Building a Siamese CNN for Fingerprint Recognition: A Journey from Concept to Implementation

5 minute read

Published:

The idea for this project stemmed from a collaboration with my friend Jovan on his Bachelor’s thesis. His concept was to use a Siamese Convolutional Neural Network (Siamese CNN) for fingerprint recognition, structured as follows: This blog outlines how we implemented this in Python & Keras, while dealing with dataset augmentation, Siamese architecture, and model validation. You can explore the project’s Git repo and Jupyter Notebooks.

  1. Two parallel CNN branches (with shared weights) extract feature representations from input fingerprint images.
  2. Feature subtraction is applied to compare the extracted features.
  3. A final convolutional + pooling layer processes the difference.
  4. A sigmoid layer classifies whether the fingerprints match.

This blog details the step-by-step implementation of this idea, covering dataset preparation, augmentation, model architecture, training, and evaluation.

image


Dataset Preparation and Label Extraction

Our fingerprint dataset follows a strict naming convention. For instance:

001__M_Left_index_SWarp.BMP

From this, we extract four key labels:

  • Subject ID (001)
  • Gender (M = 0, F = 1)
  • Hand (Left = 0, Right = 1)
  • Finger type (Index = 1)

We implemented this parsing logic in the extract_label function:

def extract_label(img_path):
    ...
    gender = 0 if gender_str == 'M' else 1
    hand = 0 if hand_str == 'Left' else 1
    finger_map = {'thumb': 0, 'index': 1, 'middle': 2, 'ring': 3, 'little': 4}
    ...

We load and preprocess all Altered-Easy images by resizing them to 90x90 pixels and saving both the image arrays and label arrays:

images = np.empty((num_images, 90, 90), dtype=np.uint8)
labels = np.empty((num_images, 4), dtype=np.uint16)
...
images[i] = cv2.resize(image, target_size)
labels[i] = extract_label_alt(image_path)

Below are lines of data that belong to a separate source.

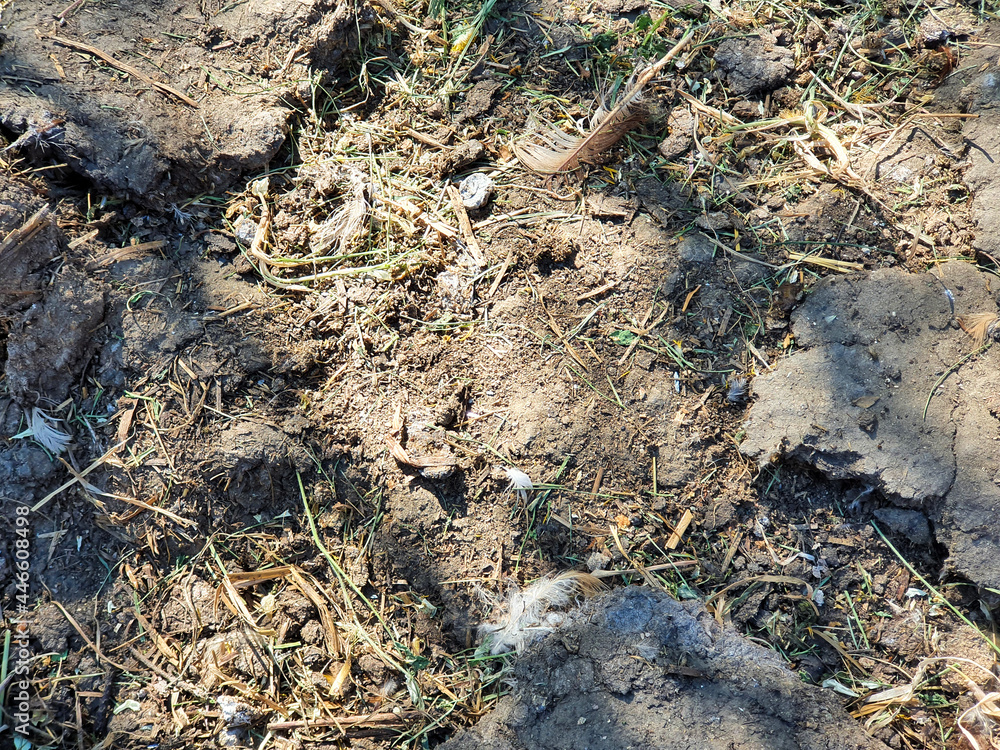ground with chicken manure, chicken dung organic fertilizer. ground with chicken manure, chicken dung organic fertilizer.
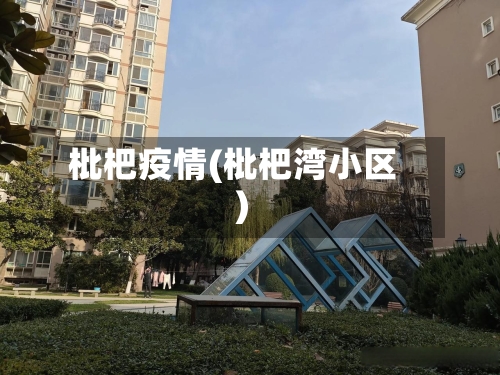 枇杷疫情(枇杷湾小区)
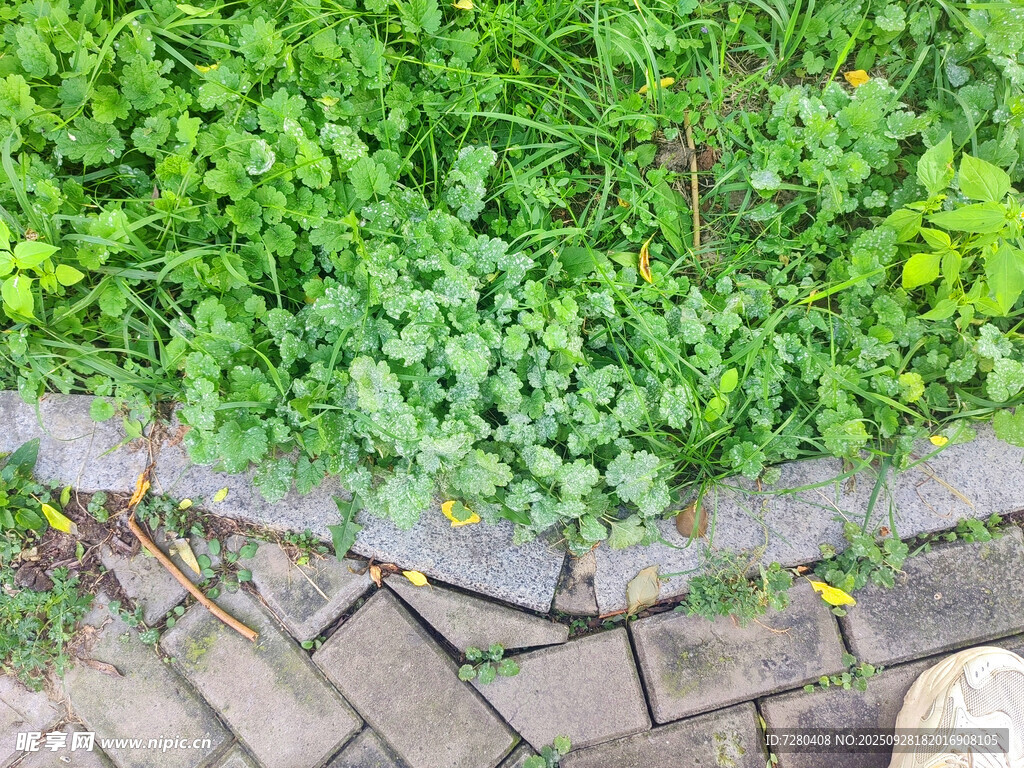 砖缝间的蓬勃绿植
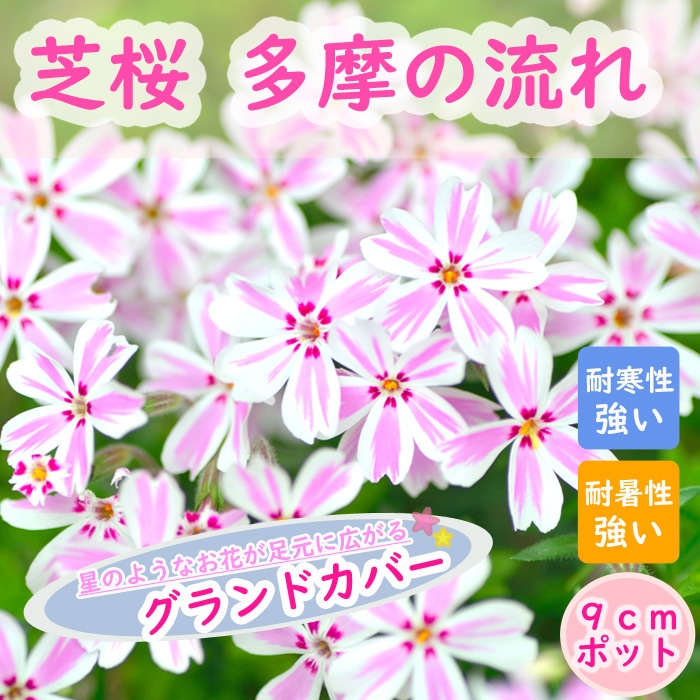 花 苗 芝桜 多摩の流れ 9cmポット グランドカバー キャンディ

Now, our dataset consists of four subsets:

  • Real (original fingerprints)
  • Easy, Medium, and Hard (distorted fingerprints with increasing complexity)

Loading the Dataset

We use NumPy to load the dataset, which contains images and corresponding labels:

def load_dataset():
    datasets = ['real', 'easy', 'medium', 'hard']
    data_dict = {}
    for dataset in datasets:
        x_data = np.load(f'dataset/x_{dataset}.npy')
        y_data = np.load(f'dataset/y_{dataset}.npy')
        data_dict[dataset] = (x_data, y_data)
        print(f"{dataset}: X shape {x_data.shape}, Y shape {y_data.shape}")
    return data_dict

data_dict = load_dataset()

Data Visualization

A quick visualization ensures that images are loaded correctly:

def visualize_samples(data_dict):
    plt.figure(figsize=(15, 10))
    for idx, (key, (x, y)) in enumerate(data_dict.items(), start=1):
        plt.subplot(1, 4, idx)
        plt.title(y[0])
        plt.imshow(x[0].squeeze(), cmap='gray')
    plt.show()

visualize_samples(data_dict)

Train-Test Split

We combine easy, medium, and hard subsets to create a training set and reserve 10% for validation:

x_data = np.concatenate([data_dict['easy'][0], data_dict['medium'][0], data_dict['hard'][0]], axis=0)
label_data = np.concatenate([data_dict['easy'][1], data_dict['medium'][1], data_dict['hard'][1]], axis=0)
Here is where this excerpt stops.